Currently, the interpreter exploits these similarities to share significant code among the evaluation rules for these three expression forms. Nonetheless, the interpreter would be simpler if we had fewer evaluation rules.

Implement two of the three (let, case, or function application) as sugar in terms of the third:

  • Modify SmileSugar.desugar_expr to do the desugaring.
  • Modify SmileEval.eval_expr to eliminate the cases that have now been handled by desugaring.

9. More Ideas (optional)

  1. Closure Size Optimization: Adapt your implementation of helper functions for freevars (functions that find free variables) to optimize the space used for function closures. Our current implementation of closures keeps around the entire environment, even the parts that the closure will never need. By running freevars_expr on the body of a function starting from a static environment that contains only variables that will be bound as part of the function application evaluation rule, you can detect the free variables of the closure – those variables that may be referenced when no binding is in scope within the give expression. These are the only variables the closure could ever need from its environment. Thus, we might save space by storing an environment in the closure that binds only these variables. Do this.

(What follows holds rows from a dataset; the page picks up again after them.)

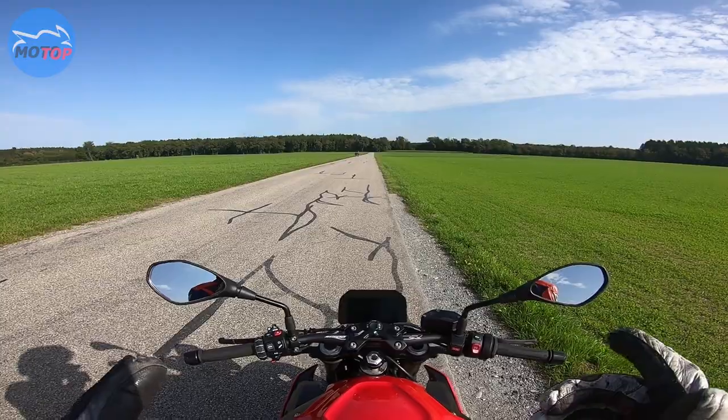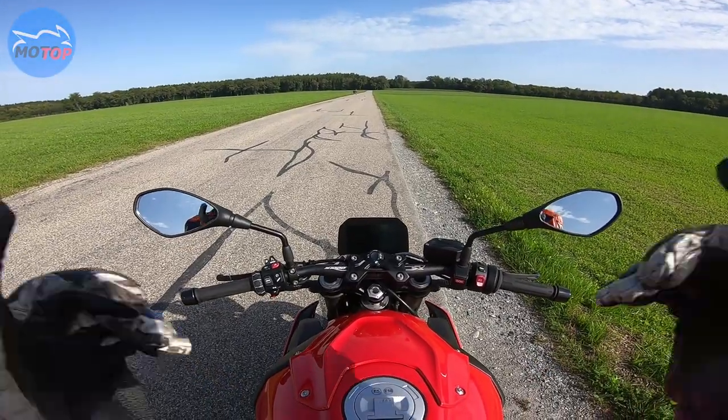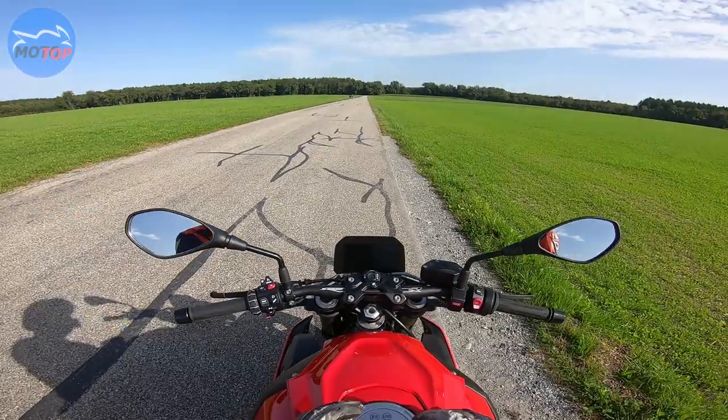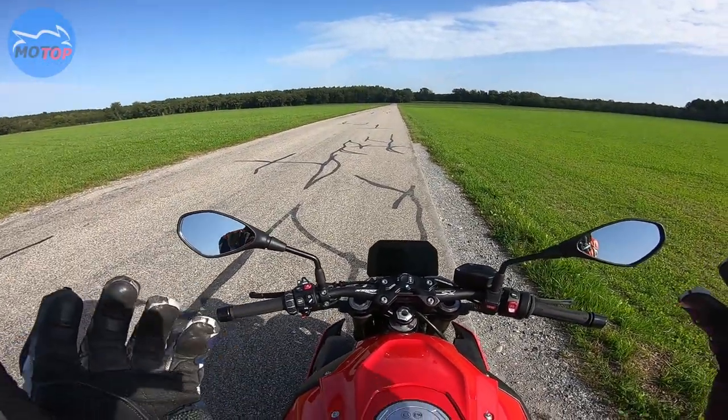How to use the launch control of your BMW S1000R or RR? That's pretty easy.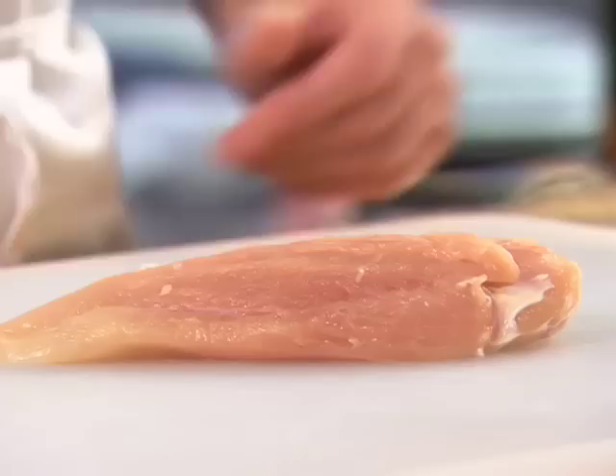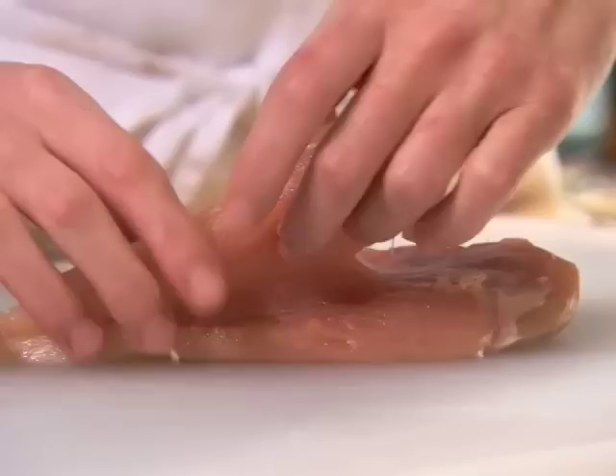To butterfly a chicken breast, lay the boneless skinless meat on the cutting board with the smooth side down. Locate the small inner fillet called the tender and remove it, cutting away any connective tissue. Set it aside or freeze it for a later use.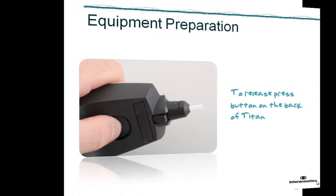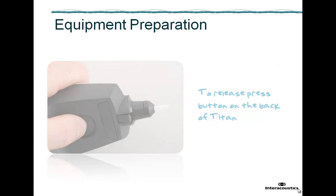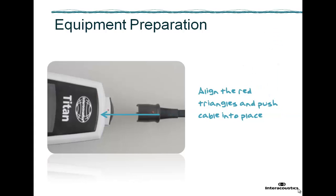To release the probe or cable, press the button at the back of the Titan and pull the probe or extension cable out whilst holding on to the base. Do not pull directly on the cord of the extension cable as this can damage the tubing connections. When attaching a cable, align the red triangles and push the cable into place.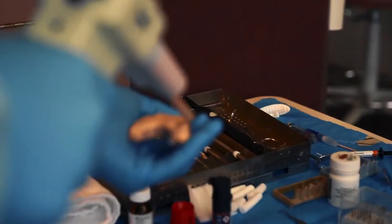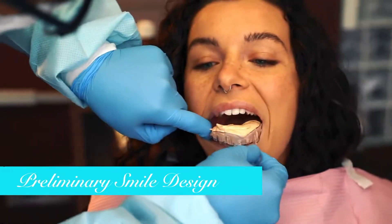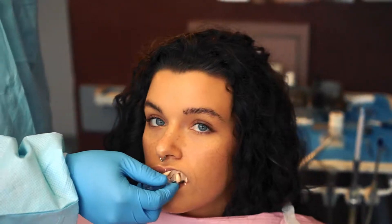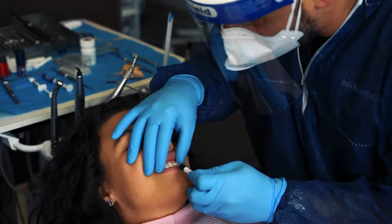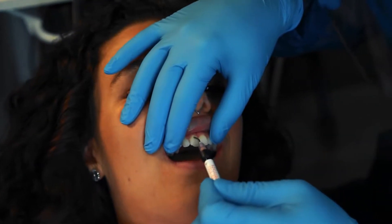Let's get started. So we're going to start with a series of compressions and then numbing. What we're going to do now — I'm going to make a little space in your teeth where we could put the temporary and give a little bit of guidance to where the veneers should be.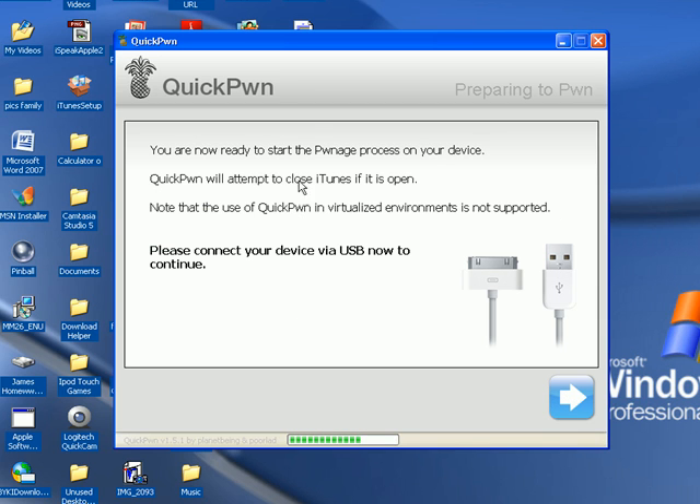Hit next. QuickPwne will attempt to close iTunes if it's open. Now pick up your iPod. Once you hit next, it's going to ask you to do some button commands. Right when it goes to that page, you're going to want to do those commands immediately. Watch the video first so you know what the commands are going to look like — don't do anything yet.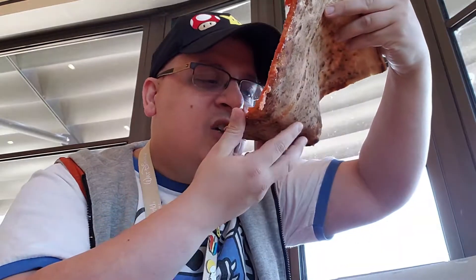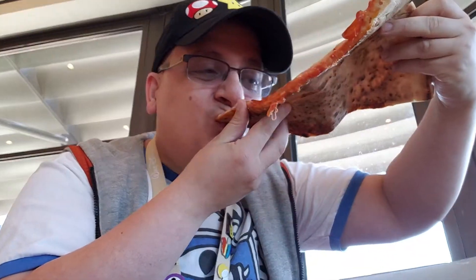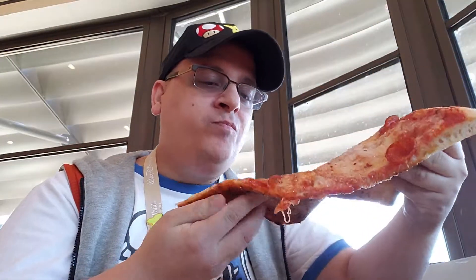Look, look — look how big it is. There we go. Very good. It's gonna take a true New Yorker to fold it up like this. Turn your head.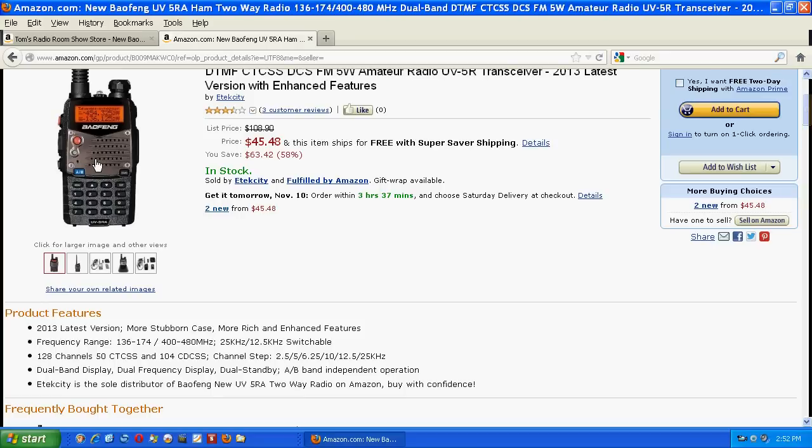I immediately wrapped it back up, put it back in the box, got a return authorization and took it to UPS within 20 minutes. I didn't even want to have it in my possession any longer. Unfortunately, by doing that I can't show you the problems — I can only illustrate them on this picture. I'm totally disappointed.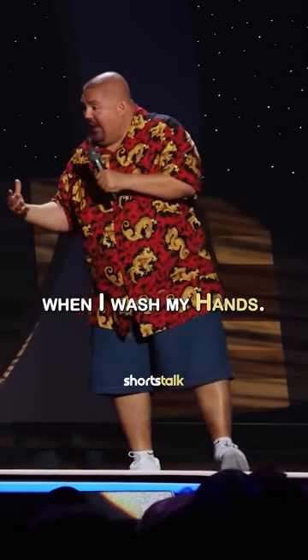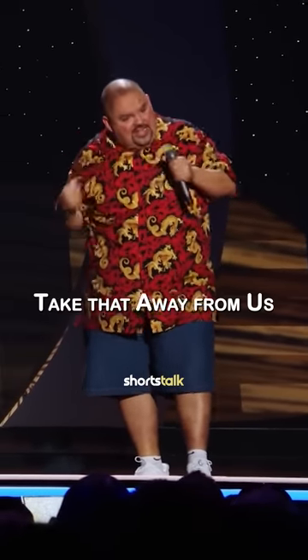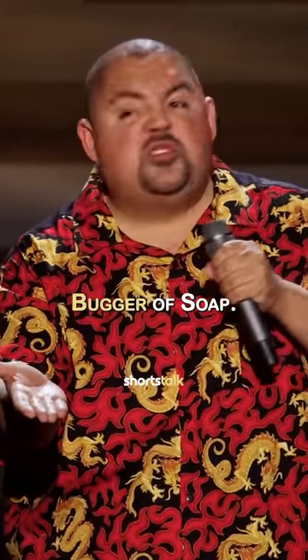I like a lot of soap when I wash my hands. I like a good soap dispenser — the pump. I hate it when they take that away from us and replace it with that little spout that goes next to the faucet. You stick your hand under it and it gives you that little booger of soap.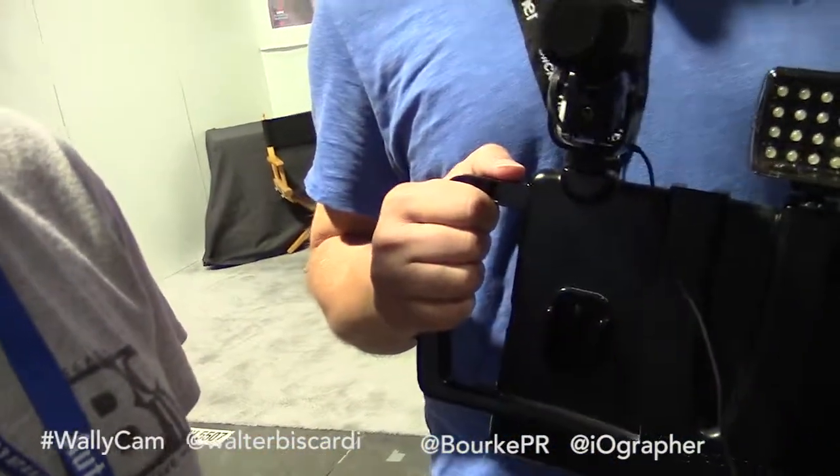We also have — we're showing a prototype of a product we're calling the iographer Go. It's going to be an iographer for a GoPro or an action cam.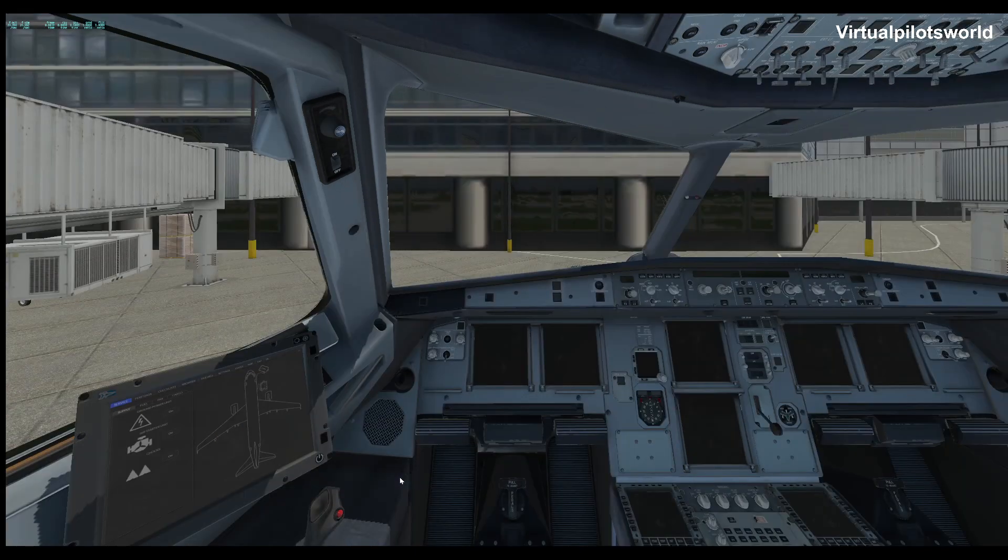Scoot back in our seat here where we can see what we're doing. The first thing we're going to need to do with this aircraft is turn on the GPU and go ahead and put the chocks in place now. I don't know how many of you have this plane, but I guess you might be a little frustrated with the flight planning situation with it.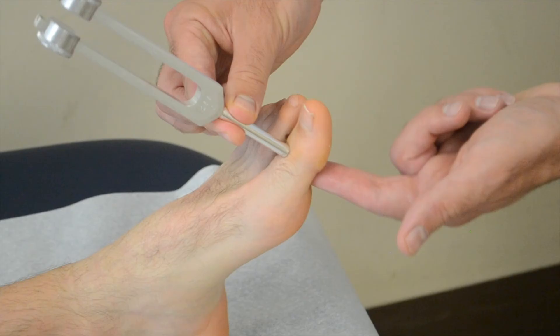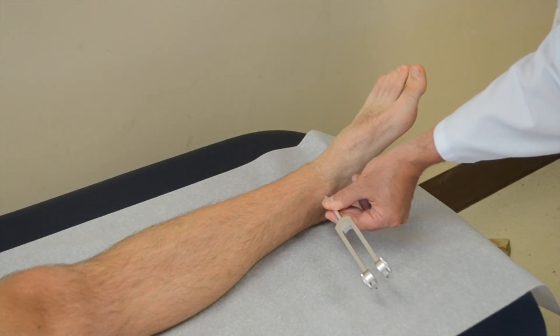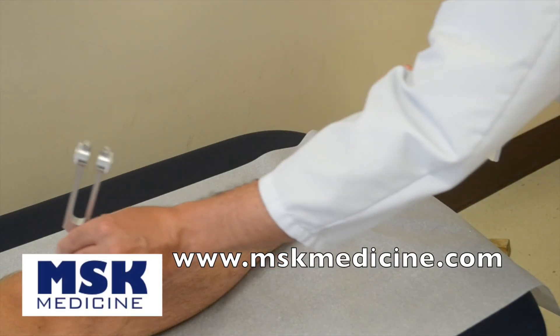If you can still feel vibration but the patient cannot, move the tuning fork over their malleoli, their distal shin, or their knee and determine whether or not they can still feel it in these regions.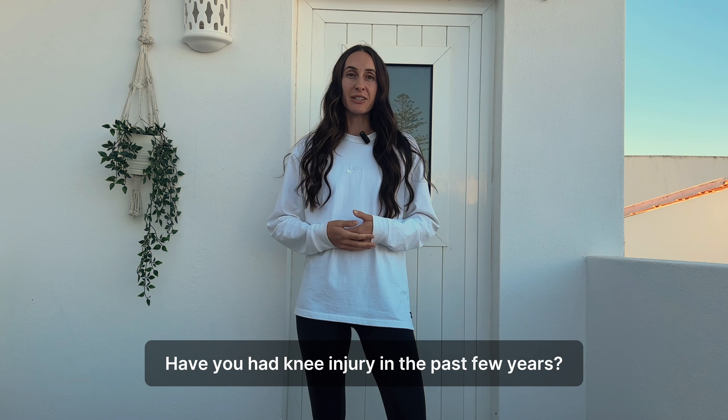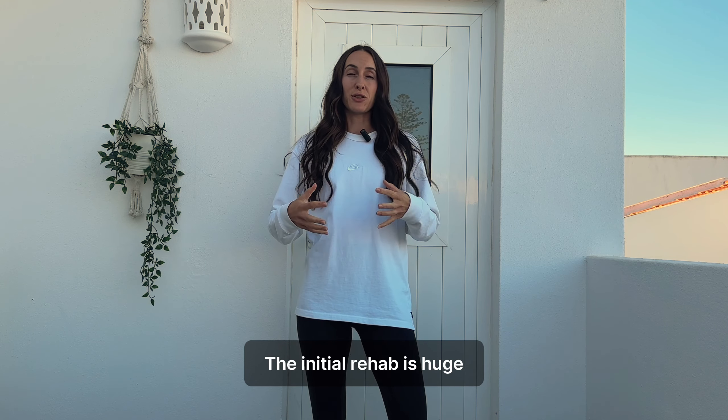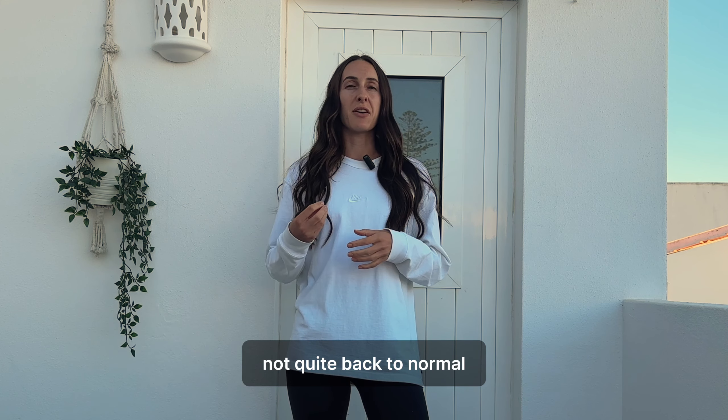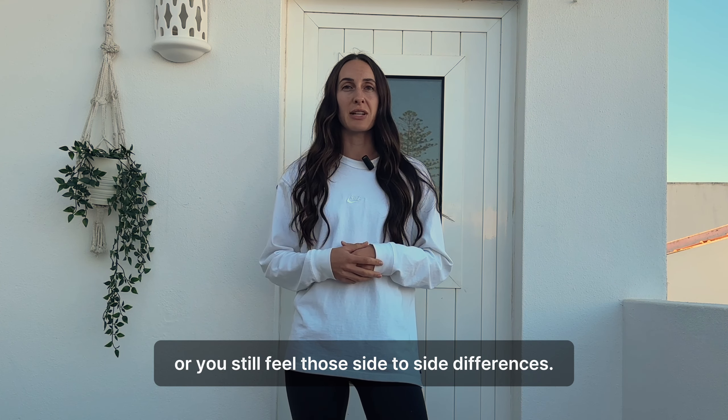Hey guys, I'm Hannah from Hannah Physio. Have you had a knee injury in the past few years? The initial rehab is a huge obstacle to get over, so well done doing that. Yet sometimes it might just feel like your knee is not quite back to normal, or you still feel those side-to-side differences.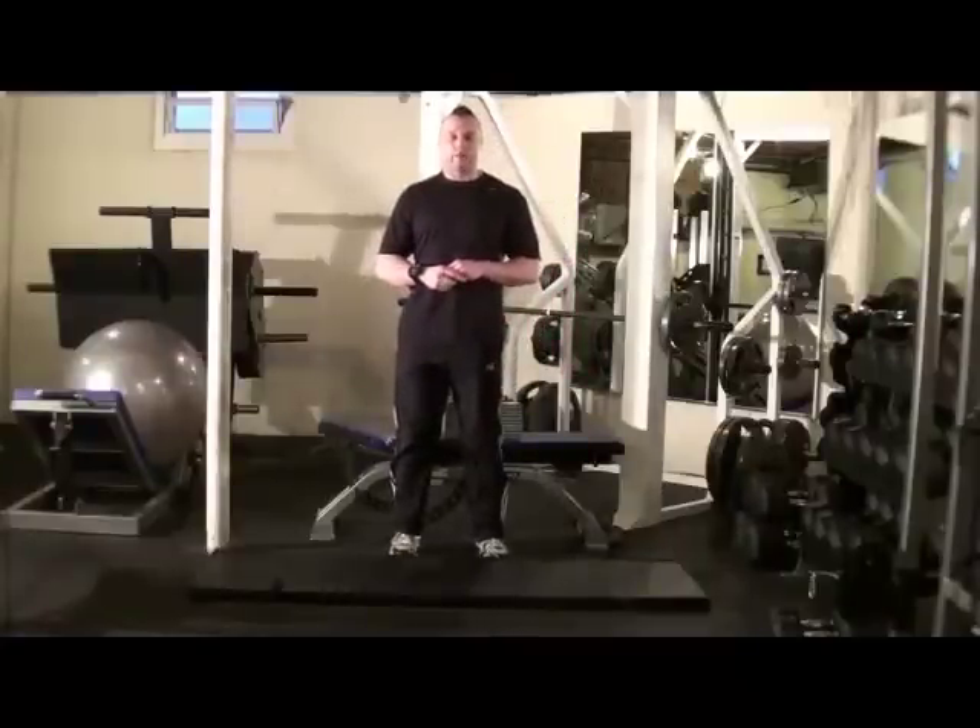Hey, welcome back to TopFatLossTrainer.com. I'm your host James Villipe, welcome back to another burst bout.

  2. For a much larger challenge, add an ML datatype SmileAst.typ describing types of SMiLe expressions. Add a SmileTypeCheck structure with a typecheck function that takes a SmileAst.expr, a static typing environment mapping variables to types, and a proposed typ for the expr, and decides whether expr may have this type. Emulate the SML type system as closely as possible. Edit the sources.cm file to include the new structure in the build. Not satisfied? Think about how type inference might work. I can share some literature on this if you are curious.

Submission

Remember to git add any new files (such as tests) that you created.

Submit: The course staff will collect your work directly from your hosted repository. To submit your work:

  1. Make sure you have committed your latest changes.

    $ git add ...
    $ git commit ...
  2. Run the command cs251 sign to sign your work and respond to any assignment survey questions.

    $ cs251 sign
  3. Push your signature and your latest local commits to the hosted repository.

    $ git push

Confirm: All local changes have been submitted if the output of git status shows both:

  • Your branch is up to date with 'origin/master', meaning all local commits have been pushed
  • nothing to commit, meaning all local changes have been committed

Resubmit: If you realize you need to change something later, just repeat this process.